*TASK DESCRIPTION*
Leaving out the pictures, return each line of the entries from the first through the line with "Vnitřní lékařství - 3", and only those lines.

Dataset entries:
# # #

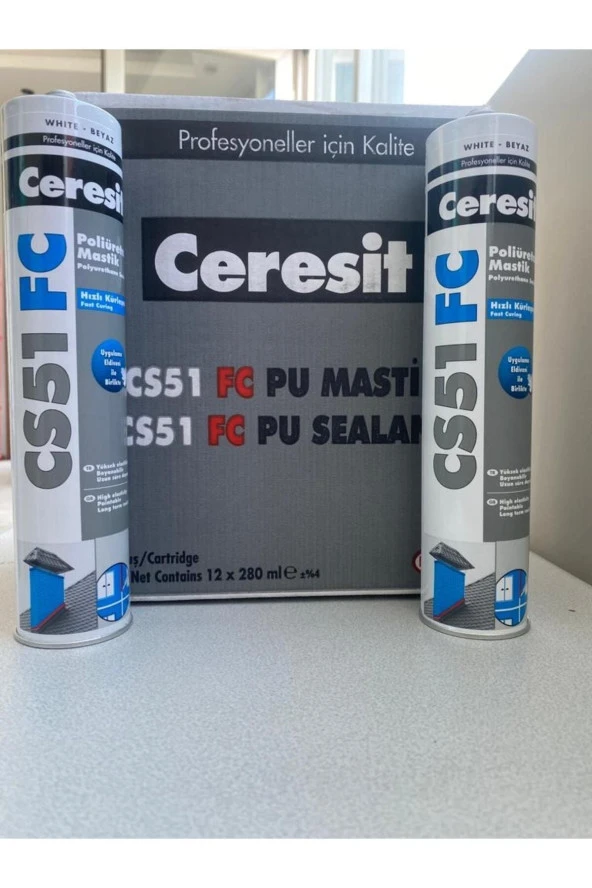 Cs 51 Fc Pu Mastik Beyaz 280 Ml 12'li Koli ürün görseli 1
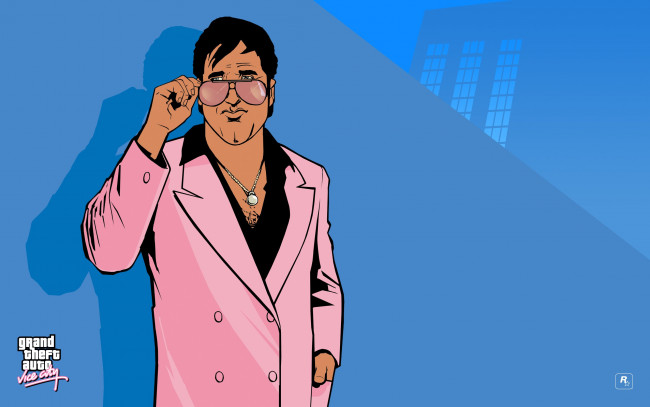 Обои картинки фото grand theft auto,  vice city, видео игры, мужчина, очки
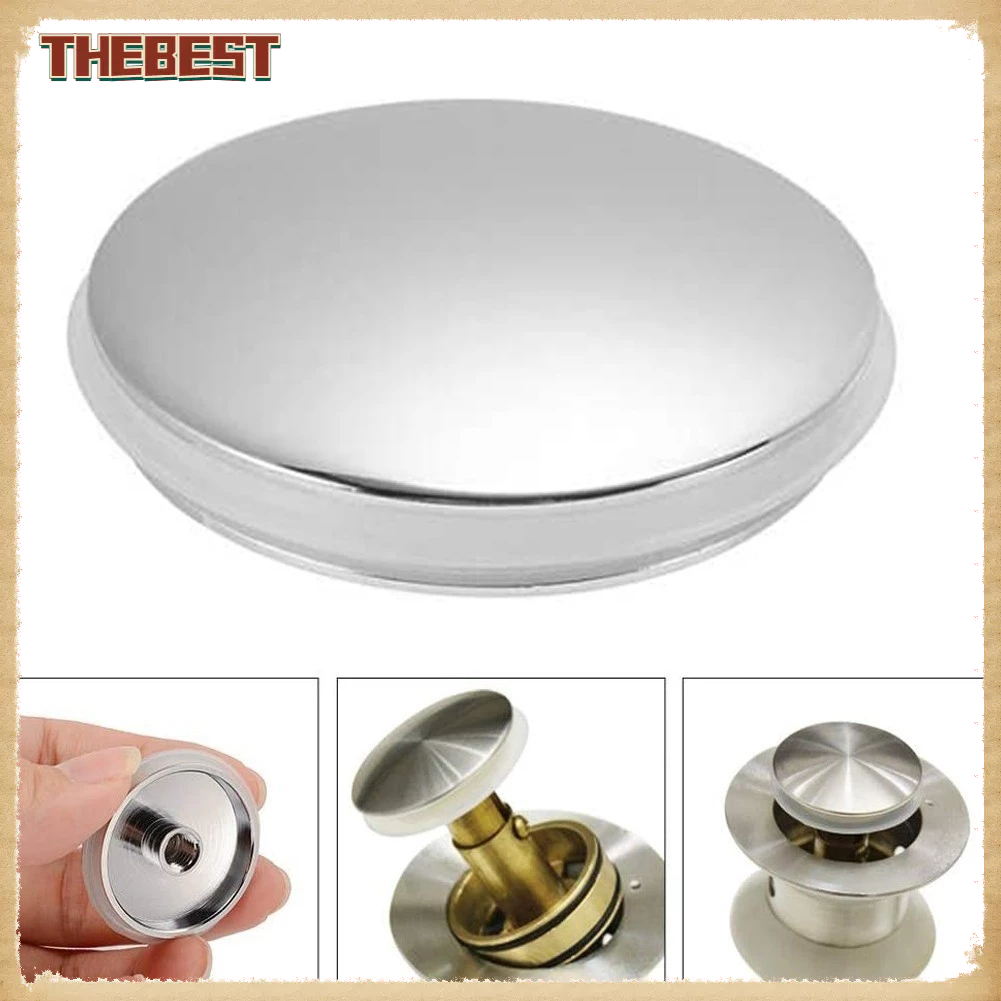 {Thebest} 38 มม. เปลี่ยน Sink/Basin Waste Plug Cap Easy Pop-Up Click Clack Chrome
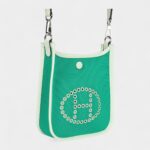 Hermès Neo Evelyne TPM Menthe Officier Canvas and Vert Fizz Swift Palladium Hardware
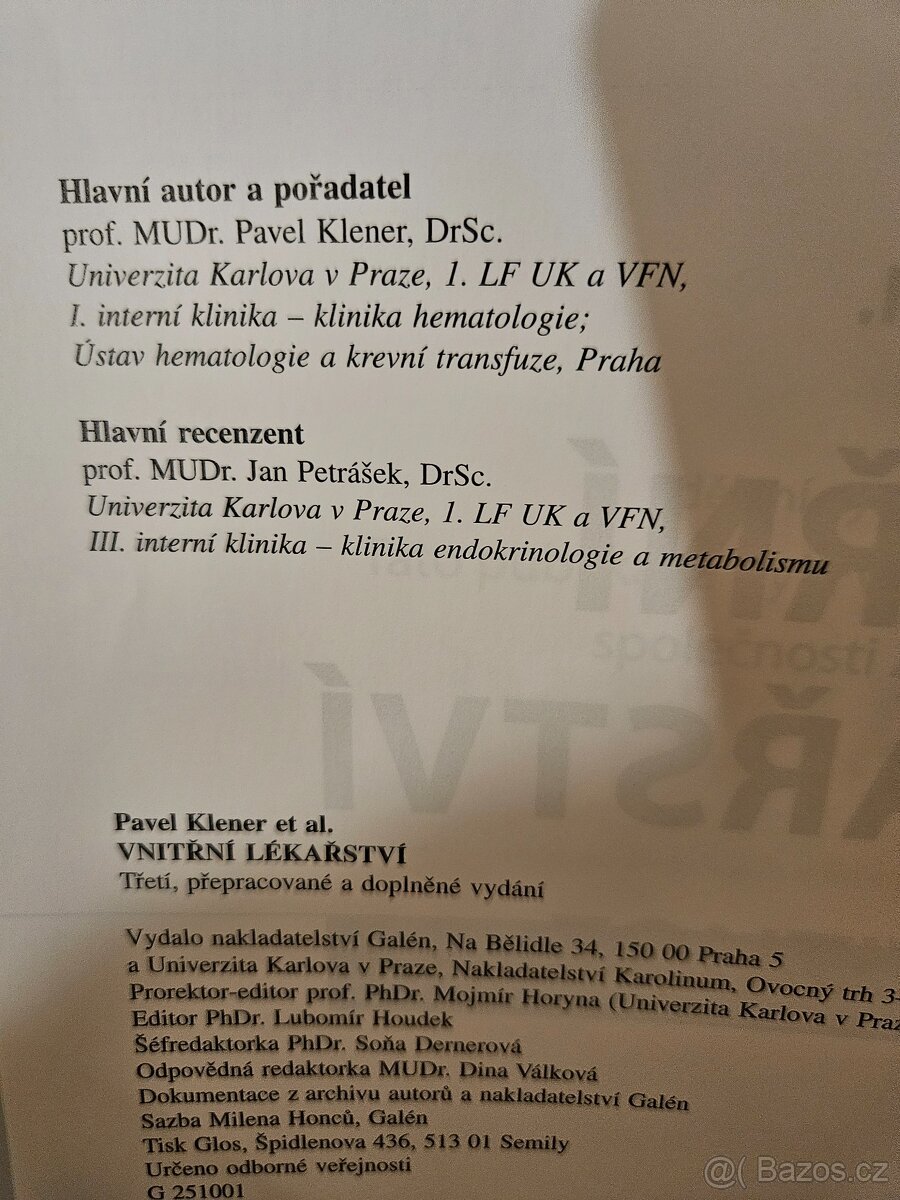 Vnitřní lékařství - 3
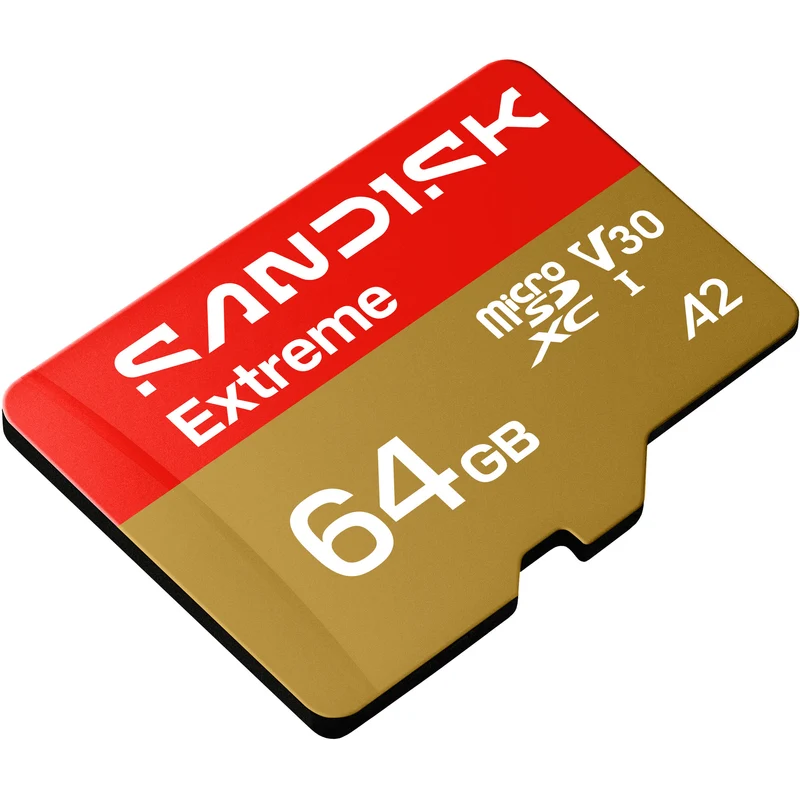 Tarjeta SanDisk 64GB Extreme UHS-I microSDXC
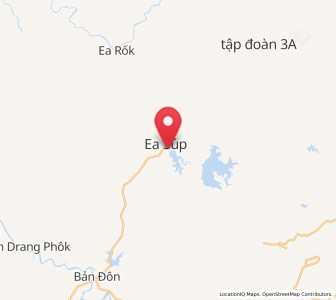 Map of Ea Súp, Đắk Lắk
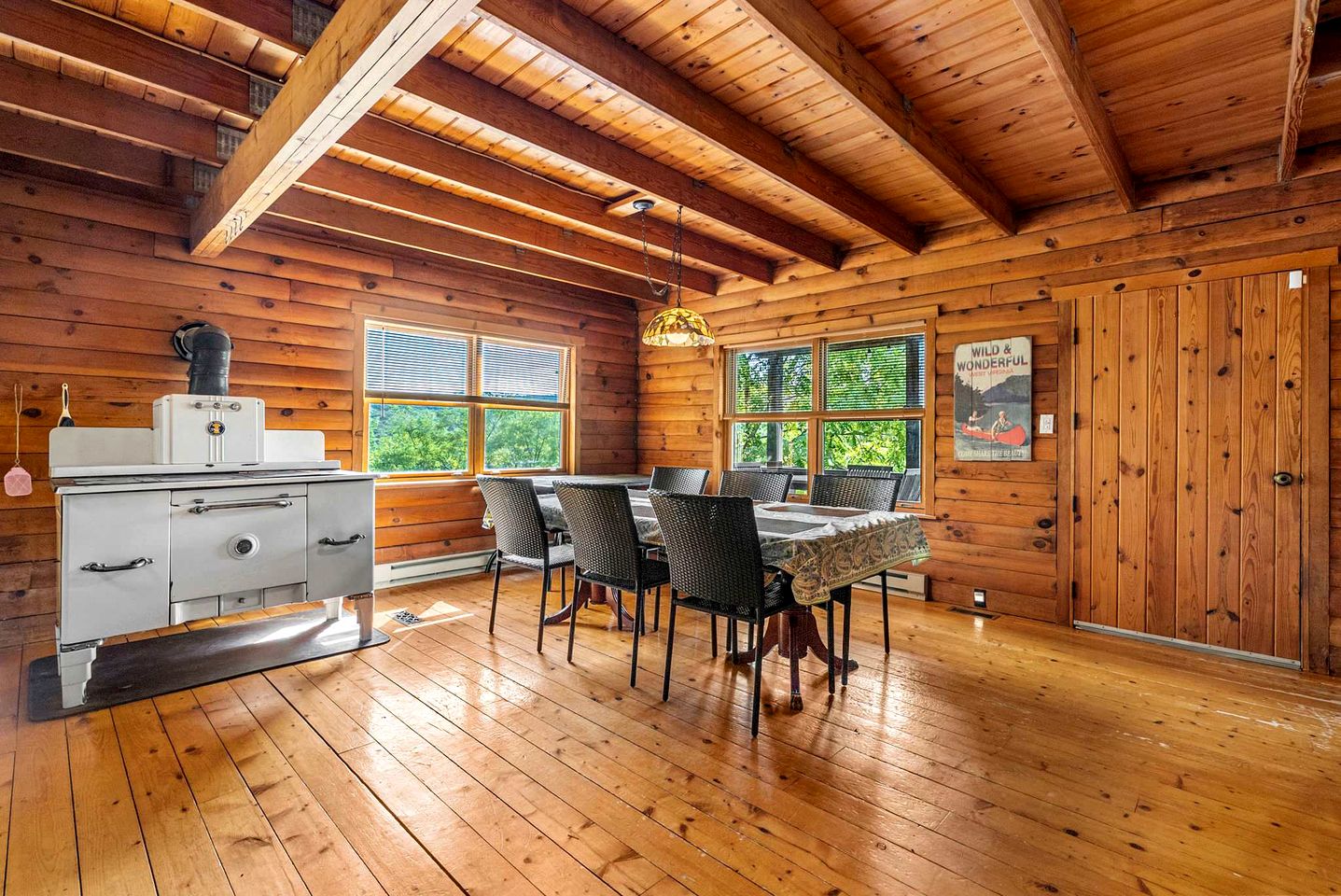 Rustic-Modern Mountain Cabin with Private Pond & Fire Pit Near Lost River, Baker, West Virginia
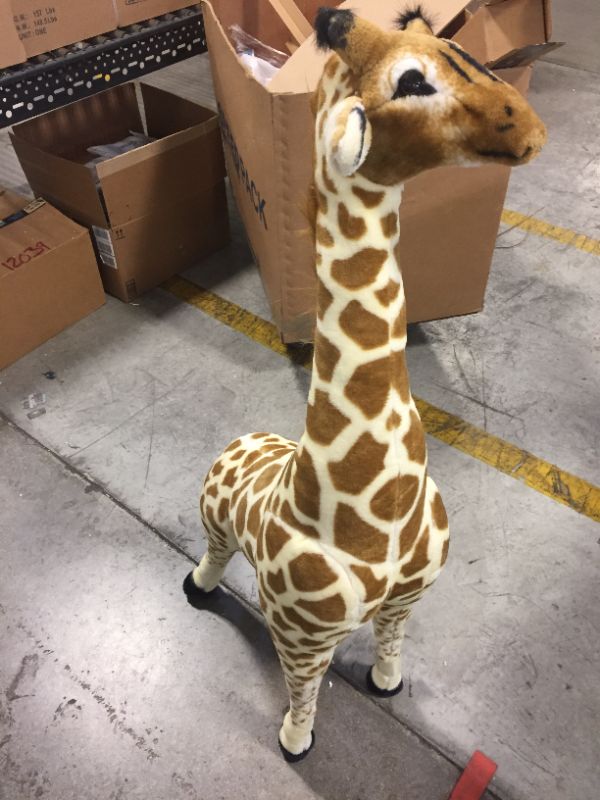Photo 3 of Melissa & Doug Plush Giraffe, Yellow, One Size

# # #

*EXERCISE ANSWER*
 Cs 51 Fc Pu Mastik Beyaz 280 Ml 12'li Koli ürün görseli 1
 Обои картинки фото grand theft auto,  vice city, видео игры, мужчина, очки
 {Thebest} 38 มม. เปลี่ยน Sink/Basin Waste Plug Cap Easy Pop-Up Click Clack Chrome
 Hermès Neo Evelyne TPM Menthe Officier Canvas and Vert Fizz Swift Palladium Hardware
 Vnitřní lékařství - 3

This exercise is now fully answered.